Fans of David Webb would never balk at referring to the late American jeweler’s work as art, nor would they quibble over the importance animals played in his designs. The North Carolina-born designer, who passed away in 1975 at the age of 50, created a whimsical, award-winning menagerie for his namesake house. And for the first time ever, the American jeweler is hosting an in-house exhibit to showcase Webb’s creature creations.
The heritage brand will host A Walk in the Woods: David Webb’s Artful Animals at its Madison Avenue flagship on Sept. 19. On display will be pieces from the David Webb Museum Collection, designs pulled from the archives, and two brand new owl jewels—a very au courant motif—based on archival sketches. The ticketed, by-appointment-only exhibit, which is open through October 2, will showcase over 40 jewels and objets in tandem with curated archival materials and immersive multimedia.
“In the David Webb archive, we have a vast array of stories we could have chosen to tell, but we thought that an untold story based on the jeweler’s iconic animal jewelry would be super representative of what makes the brand so exciting,” Levi Higgs, head of archives and brand heritage for David Webb, tells The Zing Report. He hopes that viewers will come away with a “deeper knowledge and understanding of the stories surrounding the pillars of each animal we chose to feature in the exhibition.”
The immersive multimedia portion of the show also draws on the brand’s rich history. David Webb received the prestigious Coty American Fashion Critics Award for his groundbreaking animals in 1964. At that time, the committee displayed a film by fashion photographer Milton Greene and illustrator Joe Eula called A Walk in the Woods. The new exhibition will debut a reimagining of Eula and Greene’s film by multimedia artist Noah Kalina, set to music by cellist Patrick Belaga. “I hope visitors will also leave with a renewed joy in nature after seeing our jewelry films!” Higgs adds.
Can’t make the exhibit?
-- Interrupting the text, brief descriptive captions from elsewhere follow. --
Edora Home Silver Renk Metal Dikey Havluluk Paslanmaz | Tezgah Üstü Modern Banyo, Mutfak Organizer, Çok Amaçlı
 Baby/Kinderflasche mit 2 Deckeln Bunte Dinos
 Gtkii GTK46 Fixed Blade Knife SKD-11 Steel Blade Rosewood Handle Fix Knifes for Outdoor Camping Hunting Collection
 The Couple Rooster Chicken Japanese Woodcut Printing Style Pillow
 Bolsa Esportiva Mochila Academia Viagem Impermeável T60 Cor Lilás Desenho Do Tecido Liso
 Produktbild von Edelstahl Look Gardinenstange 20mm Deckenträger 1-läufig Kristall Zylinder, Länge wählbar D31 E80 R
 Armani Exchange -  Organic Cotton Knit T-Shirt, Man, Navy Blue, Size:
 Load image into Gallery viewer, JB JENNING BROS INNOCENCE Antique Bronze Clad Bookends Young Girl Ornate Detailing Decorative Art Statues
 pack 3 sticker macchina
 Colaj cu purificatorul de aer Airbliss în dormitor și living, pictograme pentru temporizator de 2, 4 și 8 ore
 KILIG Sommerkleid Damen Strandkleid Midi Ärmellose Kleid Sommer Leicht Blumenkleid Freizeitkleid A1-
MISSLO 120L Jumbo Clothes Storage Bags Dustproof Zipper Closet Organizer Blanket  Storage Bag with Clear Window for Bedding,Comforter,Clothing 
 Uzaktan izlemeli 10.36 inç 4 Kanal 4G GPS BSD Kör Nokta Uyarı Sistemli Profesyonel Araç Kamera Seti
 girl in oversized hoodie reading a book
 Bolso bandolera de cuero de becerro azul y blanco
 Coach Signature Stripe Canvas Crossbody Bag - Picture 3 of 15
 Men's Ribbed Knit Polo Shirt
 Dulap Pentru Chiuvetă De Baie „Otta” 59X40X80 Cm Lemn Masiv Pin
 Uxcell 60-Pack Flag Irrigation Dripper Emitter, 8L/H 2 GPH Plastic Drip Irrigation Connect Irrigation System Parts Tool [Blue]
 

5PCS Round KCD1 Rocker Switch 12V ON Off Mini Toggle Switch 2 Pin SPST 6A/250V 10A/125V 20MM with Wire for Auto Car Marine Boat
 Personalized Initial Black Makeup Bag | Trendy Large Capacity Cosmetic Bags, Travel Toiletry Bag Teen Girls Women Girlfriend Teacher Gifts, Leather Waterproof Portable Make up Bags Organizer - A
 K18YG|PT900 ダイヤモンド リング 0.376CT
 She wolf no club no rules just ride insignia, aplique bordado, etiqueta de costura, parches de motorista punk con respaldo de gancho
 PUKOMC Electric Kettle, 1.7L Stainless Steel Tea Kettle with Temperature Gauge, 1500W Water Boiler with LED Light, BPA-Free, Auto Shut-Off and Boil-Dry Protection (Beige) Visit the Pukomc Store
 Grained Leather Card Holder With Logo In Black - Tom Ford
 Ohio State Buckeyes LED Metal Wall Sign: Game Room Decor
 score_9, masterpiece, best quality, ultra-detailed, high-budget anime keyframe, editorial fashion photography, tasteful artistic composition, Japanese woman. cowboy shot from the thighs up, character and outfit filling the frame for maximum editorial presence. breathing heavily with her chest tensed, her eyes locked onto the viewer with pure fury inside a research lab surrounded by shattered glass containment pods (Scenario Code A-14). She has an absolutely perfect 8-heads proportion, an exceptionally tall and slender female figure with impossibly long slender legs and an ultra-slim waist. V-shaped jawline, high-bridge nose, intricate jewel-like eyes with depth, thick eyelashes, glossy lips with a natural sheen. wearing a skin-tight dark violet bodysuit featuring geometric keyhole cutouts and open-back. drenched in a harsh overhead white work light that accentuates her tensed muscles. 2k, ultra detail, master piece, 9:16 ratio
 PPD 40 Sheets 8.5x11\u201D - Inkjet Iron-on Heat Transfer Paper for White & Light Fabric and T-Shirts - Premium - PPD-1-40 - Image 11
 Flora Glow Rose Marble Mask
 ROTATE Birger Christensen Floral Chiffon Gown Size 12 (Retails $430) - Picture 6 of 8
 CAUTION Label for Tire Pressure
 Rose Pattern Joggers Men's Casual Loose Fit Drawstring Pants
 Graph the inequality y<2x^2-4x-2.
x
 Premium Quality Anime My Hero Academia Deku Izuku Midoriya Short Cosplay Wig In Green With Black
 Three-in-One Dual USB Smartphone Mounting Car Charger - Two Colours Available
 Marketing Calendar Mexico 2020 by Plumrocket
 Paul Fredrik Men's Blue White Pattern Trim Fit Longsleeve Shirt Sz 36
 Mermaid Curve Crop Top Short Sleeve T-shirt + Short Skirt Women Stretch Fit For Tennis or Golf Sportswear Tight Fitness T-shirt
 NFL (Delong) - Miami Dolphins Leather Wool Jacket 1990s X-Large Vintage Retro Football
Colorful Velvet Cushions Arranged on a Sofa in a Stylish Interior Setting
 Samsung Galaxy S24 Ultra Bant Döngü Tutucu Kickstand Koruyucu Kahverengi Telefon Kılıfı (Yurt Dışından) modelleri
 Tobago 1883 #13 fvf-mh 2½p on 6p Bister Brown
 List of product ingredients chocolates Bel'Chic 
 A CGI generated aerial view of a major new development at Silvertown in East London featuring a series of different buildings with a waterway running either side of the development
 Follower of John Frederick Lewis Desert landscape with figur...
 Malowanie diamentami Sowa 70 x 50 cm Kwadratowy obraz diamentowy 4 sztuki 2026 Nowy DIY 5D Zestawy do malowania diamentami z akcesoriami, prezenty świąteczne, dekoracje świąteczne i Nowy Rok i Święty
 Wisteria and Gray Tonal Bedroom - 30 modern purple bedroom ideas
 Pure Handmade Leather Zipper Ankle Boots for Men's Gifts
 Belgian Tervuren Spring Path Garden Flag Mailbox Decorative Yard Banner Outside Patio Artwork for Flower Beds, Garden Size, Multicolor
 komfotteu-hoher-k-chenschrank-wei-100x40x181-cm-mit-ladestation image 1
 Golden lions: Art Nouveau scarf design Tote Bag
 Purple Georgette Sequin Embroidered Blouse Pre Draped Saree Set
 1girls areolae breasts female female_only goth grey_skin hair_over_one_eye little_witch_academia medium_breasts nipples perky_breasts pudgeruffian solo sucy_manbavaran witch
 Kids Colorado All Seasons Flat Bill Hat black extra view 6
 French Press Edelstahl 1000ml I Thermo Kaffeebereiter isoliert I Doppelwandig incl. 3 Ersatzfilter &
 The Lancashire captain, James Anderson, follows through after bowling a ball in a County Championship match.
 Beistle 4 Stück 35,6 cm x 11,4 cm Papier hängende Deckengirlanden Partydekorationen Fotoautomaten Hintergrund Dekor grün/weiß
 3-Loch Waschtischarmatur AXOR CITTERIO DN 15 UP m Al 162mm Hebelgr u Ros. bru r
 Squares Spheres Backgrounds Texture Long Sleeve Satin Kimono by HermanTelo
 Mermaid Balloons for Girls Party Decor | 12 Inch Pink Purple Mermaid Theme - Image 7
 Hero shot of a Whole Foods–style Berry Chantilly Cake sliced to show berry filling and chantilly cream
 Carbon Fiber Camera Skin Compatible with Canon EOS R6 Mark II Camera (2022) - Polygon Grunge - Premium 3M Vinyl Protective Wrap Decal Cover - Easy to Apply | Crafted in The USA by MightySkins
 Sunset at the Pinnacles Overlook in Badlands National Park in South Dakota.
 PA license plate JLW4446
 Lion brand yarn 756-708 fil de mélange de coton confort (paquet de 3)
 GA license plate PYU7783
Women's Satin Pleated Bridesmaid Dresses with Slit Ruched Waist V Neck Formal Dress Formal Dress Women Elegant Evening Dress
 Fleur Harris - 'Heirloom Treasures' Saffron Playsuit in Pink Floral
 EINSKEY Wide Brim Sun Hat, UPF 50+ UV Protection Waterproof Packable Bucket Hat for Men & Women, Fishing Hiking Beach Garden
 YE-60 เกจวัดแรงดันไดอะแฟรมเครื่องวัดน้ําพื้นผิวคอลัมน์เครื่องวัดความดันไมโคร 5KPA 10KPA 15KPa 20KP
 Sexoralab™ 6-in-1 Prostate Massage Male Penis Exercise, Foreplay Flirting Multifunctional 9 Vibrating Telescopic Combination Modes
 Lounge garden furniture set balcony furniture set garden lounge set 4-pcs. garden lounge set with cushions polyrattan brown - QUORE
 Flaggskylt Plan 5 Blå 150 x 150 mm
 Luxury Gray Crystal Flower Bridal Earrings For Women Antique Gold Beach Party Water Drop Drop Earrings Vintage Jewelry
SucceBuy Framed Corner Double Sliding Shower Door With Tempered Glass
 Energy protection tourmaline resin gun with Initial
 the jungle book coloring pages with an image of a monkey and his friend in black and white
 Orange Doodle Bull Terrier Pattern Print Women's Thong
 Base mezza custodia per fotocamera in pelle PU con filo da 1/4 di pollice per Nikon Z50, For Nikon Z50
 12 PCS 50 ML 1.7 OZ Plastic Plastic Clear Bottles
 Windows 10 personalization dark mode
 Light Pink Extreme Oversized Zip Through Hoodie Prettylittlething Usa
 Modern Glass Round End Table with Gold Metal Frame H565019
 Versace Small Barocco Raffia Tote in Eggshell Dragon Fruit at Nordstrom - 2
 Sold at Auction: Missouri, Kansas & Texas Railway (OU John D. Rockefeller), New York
There are several other place to cast eyes on Webb’s fantastic creatures: the designer’s jewelry is on display at the Metropolitan Museum of Art—which houses a zebra bracelet in its permanent collection that was also prominently featured in the museum’s Jewelry for America exhibit—is in the permanent collections of Musée des Arts Décoratifs in Paris, The Museum of Arts and Design, the Newark Museum, and the Museum of Fine Arts Houston. —Roxanne Robinson
Top: David Webb panther (All photos courtesy of David Webb)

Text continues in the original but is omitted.